Example of using special floating-point numbers in arithmetic expressions:

public class Main {
    public static void main(String[] args) {
        int a = 7;
        double b = 0.0;
        double c = -0.0;
        double g = Double.NEGATIVE_INFINITY;

        System.out.println(a / b);
        System.out.println(a / c);
        System.out.println(b == c);
        System.out.println(g * 0);
    }
}

Floating-point numbers should not be used in financial calculations where rounding errors are unacceptable. For example, the result of the expression System.out.println(2.0 - 1.1) will be 0.8999999999999999, not 0.9 as one might logically expect. Such errors are due to the internal binary representation of numbers. Just as it is impossible to represent the result of 1/3 exactly in decimal, it is also impossible to represent the result of 1/10 exactly in binary. If rounding errors need to be eliminated, the BigDecimal class should be used.

4. boolean type

boolean b1 = false;
boolean b2 = true;

The following example of initializing a boolean variable is incorrect. In some programming languages, 0 and 1 are used for boolean literals. In Java, this is not possible – it will not compile:

boolean b3 = 0; 

5. char type

char c1 = 'n'; 
char c2 = '#';

We can also assign character literals using Unicode values since the char type in Java supports Unicode. In this case, we use not the character itself but the numeric value of the character. This is why the char type is also called a pseudo-integer type. But these values can only be positive. As we will see in future lessons, we can even apply arithmetic operations to the char type.
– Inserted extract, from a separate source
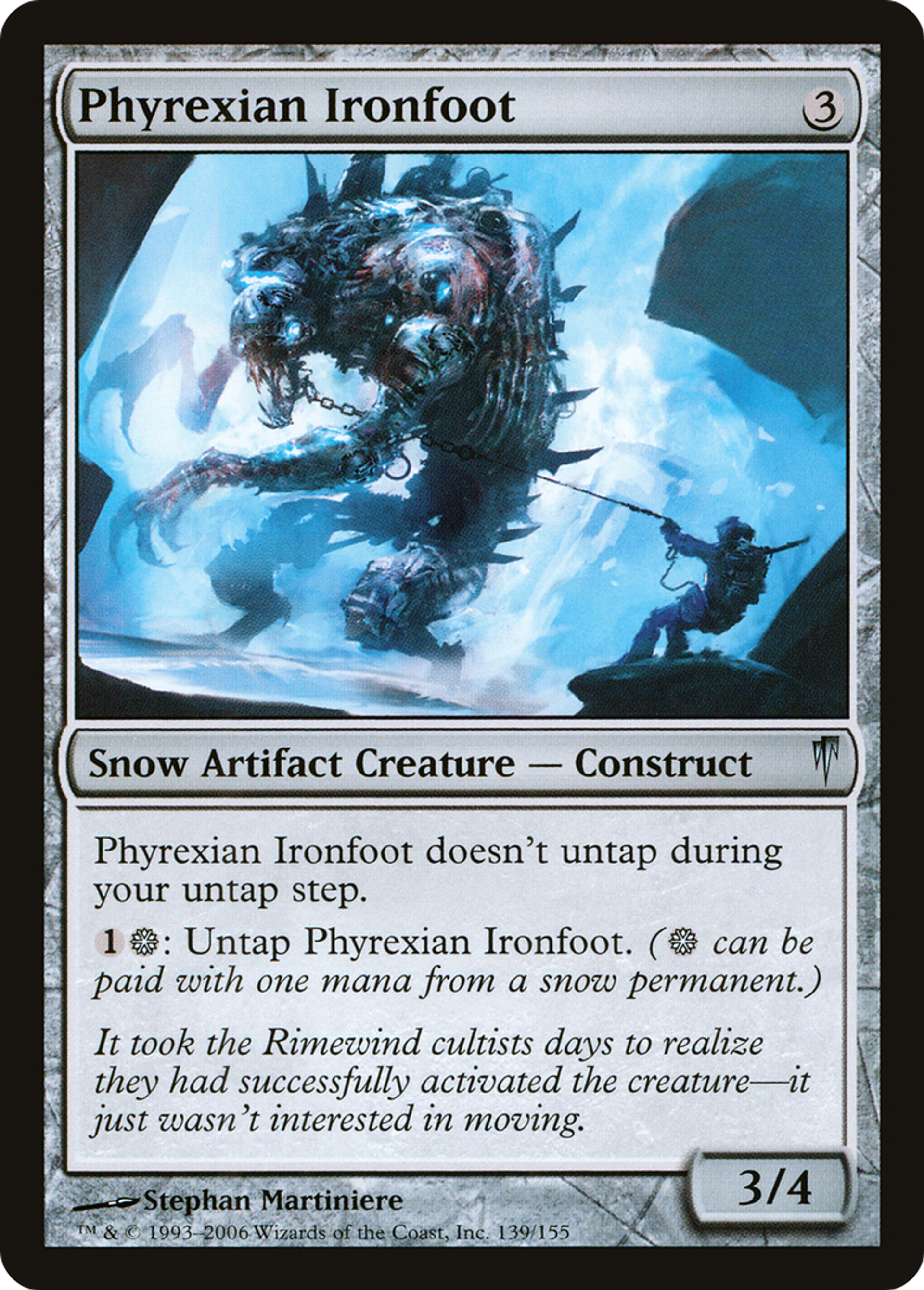 Phyrexian Ironfoot — Coldsnap — Magic: The Gathering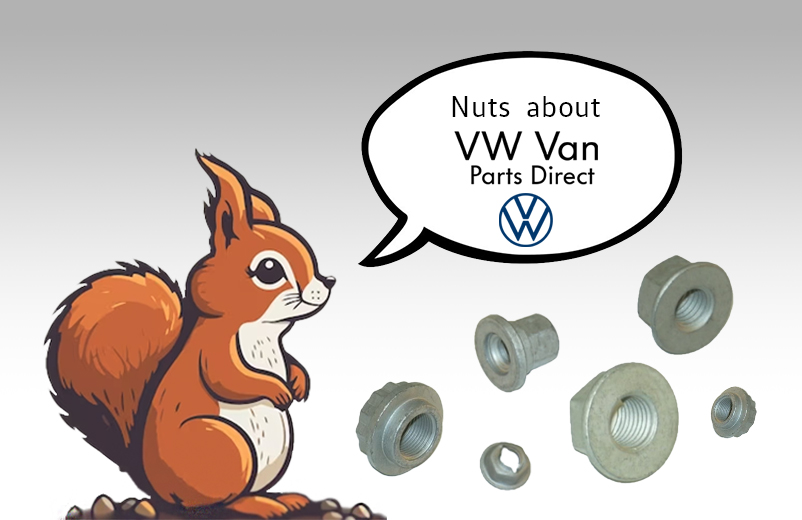 Van Parts Direct VW Caddy 2021 Onwards Locking Wheel Nuts Genuine VW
For each character in the Unicode table, which contains all letters, numbers, and special characters, there is a corresponding code. With this type, we can represent a single character. In Java, we can specify this code using any number system. But if we look at the Unicode table, we will see that the values are given in hexadecimal format:

char letterO = '\u004F'; // Letter 'O' in hexadecimal form
char letterA = '\141';  // Letter 'a' in octal form
char a1 = 0x675; // Hexadecimal integer literal 
char a2 = 345; // Decimal integer literal 	

However, when printing any of these variables to the console, the values will be displayed as characters.

For example, when executing this code:

char c2 = 97;
System.out.println(c2);

it will print 

a

Some character literals use the backslash for escape sequences. For example, if we want to set a quote symbol, we must escape it using the backslash:

char c1 = '\''; 

If we want to set a newline character, we do it like this:

char c2 = '\n';

The third option where we can use the backslash is for tabulation:

char c3 = '\t';

6. String literals

In this lesson, we will also look at string literals, although, of course, strings are not primitive types.

• String literals are denoted by enclosing the sequence of characters in double quotes, unlike character literals, which use single quotes.
• Control characters and octal or hexadecimal notation defined for character literals also work the same way in string literals.

String str1 = "MyProgram";
String str2 = "first line\nsecond line";
String str3 = "\"This is in quotes\"";
String str4 = "\u004F letter";//O letter